How to complete this task:
Each line of the data below that carries the word "Pack" needs to be copied.

Material for this exercise:
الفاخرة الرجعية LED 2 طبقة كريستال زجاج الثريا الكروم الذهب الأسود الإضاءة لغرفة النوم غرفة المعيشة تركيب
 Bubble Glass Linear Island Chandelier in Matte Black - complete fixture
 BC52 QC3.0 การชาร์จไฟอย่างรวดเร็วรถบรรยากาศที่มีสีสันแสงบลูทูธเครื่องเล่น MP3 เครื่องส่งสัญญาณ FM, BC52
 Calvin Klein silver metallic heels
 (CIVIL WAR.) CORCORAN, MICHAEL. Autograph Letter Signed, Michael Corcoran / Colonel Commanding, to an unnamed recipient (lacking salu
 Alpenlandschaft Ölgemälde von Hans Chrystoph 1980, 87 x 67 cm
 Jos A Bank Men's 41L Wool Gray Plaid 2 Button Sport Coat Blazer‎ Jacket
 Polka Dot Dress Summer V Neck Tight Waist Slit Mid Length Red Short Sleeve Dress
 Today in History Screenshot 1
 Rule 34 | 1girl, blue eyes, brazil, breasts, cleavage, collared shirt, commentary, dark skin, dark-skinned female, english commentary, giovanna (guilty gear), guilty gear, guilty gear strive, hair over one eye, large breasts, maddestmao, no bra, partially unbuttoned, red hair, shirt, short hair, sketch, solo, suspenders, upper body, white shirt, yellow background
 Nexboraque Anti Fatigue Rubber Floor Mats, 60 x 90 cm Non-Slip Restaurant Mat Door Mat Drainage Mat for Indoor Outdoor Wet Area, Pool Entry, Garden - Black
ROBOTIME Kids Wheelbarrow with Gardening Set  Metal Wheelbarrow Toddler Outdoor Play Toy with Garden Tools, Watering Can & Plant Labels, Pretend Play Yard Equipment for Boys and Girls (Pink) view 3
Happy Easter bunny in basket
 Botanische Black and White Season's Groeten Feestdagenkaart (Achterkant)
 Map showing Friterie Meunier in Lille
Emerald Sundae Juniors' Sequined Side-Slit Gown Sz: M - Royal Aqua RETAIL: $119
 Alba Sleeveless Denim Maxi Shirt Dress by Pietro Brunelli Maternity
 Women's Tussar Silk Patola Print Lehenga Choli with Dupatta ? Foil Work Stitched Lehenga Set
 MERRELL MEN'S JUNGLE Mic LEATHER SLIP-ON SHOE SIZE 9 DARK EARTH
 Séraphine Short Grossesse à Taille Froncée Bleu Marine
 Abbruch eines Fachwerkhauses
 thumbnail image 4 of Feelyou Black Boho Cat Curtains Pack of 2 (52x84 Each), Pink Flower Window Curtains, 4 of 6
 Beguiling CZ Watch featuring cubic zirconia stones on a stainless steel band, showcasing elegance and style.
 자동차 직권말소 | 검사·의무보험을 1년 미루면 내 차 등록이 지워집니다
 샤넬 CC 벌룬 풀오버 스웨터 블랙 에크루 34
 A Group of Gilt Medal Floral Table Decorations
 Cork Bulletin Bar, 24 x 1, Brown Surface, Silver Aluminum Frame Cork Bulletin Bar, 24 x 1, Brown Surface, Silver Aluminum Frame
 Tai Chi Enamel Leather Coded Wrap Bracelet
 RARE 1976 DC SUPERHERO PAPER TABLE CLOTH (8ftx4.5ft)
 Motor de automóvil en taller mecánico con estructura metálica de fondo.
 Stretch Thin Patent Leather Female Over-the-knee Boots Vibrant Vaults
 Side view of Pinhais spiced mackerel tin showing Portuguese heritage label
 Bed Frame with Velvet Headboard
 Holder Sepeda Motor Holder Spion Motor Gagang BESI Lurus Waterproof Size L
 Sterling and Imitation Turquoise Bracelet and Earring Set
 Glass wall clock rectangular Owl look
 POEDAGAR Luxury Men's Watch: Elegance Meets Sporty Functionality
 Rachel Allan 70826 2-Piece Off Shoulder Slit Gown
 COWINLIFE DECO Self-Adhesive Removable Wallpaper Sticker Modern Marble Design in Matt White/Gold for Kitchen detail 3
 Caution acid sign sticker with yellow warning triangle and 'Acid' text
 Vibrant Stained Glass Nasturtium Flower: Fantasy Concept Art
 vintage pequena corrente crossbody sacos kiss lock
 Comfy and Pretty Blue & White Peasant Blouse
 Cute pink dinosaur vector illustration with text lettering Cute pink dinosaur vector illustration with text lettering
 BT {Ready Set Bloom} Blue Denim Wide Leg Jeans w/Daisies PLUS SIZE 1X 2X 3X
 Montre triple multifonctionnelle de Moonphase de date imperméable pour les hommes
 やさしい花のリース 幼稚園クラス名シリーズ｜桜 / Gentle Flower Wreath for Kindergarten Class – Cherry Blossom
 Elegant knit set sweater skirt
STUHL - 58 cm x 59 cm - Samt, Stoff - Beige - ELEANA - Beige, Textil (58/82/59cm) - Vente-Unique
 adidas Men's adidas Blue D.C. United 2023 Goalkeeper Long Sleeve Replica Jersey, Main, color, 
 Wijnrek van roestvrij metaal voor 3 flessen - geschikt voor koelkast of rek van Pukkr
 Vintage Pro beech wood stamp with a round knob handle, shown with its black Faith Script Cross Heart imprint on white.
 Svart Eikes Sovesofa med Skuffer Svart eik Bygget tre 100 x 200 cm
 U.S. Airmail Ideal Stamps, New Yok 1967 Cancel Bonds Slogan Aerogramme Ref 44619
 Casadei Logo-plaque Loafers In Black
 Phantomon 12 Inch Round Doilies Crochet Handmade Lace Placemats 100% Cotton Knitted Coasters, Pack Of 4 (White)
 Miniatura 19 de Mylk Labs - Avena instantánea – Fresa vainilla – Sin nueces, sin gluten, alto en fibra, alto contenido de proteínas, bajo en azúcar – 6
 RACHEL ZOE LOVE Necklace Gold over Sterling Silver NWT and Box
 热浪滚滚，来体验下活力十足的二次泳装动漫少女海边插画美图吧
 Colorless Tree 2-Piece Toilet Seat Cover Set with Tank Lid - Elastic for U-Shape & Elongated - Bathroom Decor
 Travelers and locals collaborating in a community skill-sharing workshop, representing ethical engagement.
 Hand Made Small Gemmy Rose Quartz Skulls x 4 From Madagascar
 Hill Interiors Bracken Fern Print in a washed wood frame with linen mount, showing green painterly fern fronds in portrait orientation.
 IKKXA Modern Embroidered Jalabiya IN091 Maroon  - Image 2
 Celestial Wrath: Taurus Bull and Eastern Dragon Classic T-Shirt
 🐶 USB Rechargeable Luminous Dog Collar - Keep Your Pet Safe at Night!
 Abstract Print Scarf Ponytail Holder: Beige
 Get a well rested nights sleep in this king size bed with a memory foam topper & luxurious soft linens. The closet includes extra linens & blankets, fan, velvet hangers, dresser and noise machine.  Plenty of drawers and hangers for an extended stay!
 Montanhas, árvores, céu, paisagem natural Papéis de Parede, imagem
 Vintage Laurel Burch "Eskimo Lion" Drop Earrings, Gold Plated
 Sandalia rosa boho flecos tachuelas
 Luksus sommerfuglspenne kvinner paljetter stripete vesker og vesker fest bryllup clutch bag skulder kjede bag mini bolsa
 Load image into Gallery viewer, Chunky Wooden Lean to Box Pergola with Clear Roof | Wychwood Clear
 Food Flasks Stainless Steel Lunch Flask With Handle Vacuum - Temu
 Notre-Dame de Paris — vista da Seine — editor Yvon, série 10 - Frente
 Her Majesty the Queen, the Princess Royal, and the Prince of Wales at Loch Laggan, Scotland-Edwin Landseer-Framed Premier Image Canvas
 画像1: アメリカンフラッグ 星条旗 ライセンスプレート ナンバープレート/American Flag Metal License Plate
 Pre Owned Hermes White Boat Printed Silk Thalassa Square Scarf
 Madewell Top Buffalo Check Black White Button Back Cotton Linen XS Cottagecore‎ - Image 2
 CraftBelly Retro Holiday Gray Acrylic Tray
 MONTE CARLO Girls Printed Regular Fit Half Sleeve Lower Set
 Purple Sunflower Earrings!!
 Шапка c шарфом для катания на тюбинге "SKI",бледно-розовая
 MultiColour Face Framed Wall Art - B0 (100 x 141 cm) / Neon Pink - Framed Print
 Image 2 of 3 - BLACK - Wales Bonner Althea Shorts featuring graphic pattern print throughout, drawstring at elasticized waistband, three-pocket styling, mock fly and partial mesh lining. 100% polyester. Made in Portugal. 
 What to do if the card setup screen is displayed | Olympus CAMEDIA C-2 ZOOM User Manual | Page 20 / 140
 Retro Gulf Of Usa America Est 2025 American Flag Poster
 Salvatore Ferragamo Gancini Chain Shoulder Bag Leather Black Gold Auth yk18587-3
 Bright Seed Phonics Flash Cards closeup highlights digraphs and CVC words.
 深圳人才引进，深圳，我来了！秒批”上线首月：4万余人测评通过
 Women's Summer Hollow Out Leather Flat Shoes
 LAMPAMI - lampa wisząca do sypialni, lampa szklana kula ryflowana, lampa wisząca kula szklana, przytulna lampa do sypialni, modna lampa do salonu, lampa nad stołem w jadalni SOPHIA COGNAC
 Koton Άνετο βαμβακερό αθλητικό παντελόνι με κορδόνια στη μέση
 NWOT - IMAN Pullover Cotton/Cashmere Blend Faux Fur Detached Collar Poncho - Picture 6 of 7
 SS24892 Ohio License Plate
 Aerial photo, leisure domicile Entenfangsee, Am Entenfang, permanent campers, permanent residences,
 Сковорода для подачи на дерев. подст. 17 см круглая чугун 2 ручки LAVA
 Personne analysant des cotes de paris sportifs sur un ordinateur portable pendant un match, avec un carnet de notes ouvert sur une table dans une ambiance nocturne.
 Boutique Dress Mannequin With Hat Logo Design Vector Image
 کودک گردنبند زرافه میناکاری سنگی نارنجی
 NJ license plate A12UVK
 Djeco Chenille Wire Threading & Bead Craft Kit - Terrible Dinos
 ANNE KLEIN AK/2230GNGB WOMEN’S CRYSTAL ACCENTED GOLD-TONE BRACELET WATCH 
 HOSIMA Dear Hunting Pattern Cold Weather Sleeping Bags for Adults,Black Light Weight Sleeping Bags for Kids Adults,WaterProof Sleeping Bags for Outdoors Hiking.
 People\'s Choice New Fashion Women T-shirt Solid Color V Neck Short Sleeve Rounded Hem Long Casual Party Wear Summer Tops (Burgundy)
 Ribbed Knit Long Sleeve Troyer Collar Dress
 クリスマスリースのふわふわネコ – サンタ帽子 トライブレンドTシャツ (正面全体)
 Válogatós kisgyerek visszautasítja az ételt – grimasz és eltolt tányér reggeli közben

Response:
 thumbnail image 4 of Feelyou Black Boho Cat Curtains Pack of 2 (52x84 Each), Pink Flower Window Curtains, 4 of 6
 Phantomon 12 Inch Round Doilies Crochet Handmade Lace Placemats 100% Cotton Knitted Coasters, Pack Of 4 (White)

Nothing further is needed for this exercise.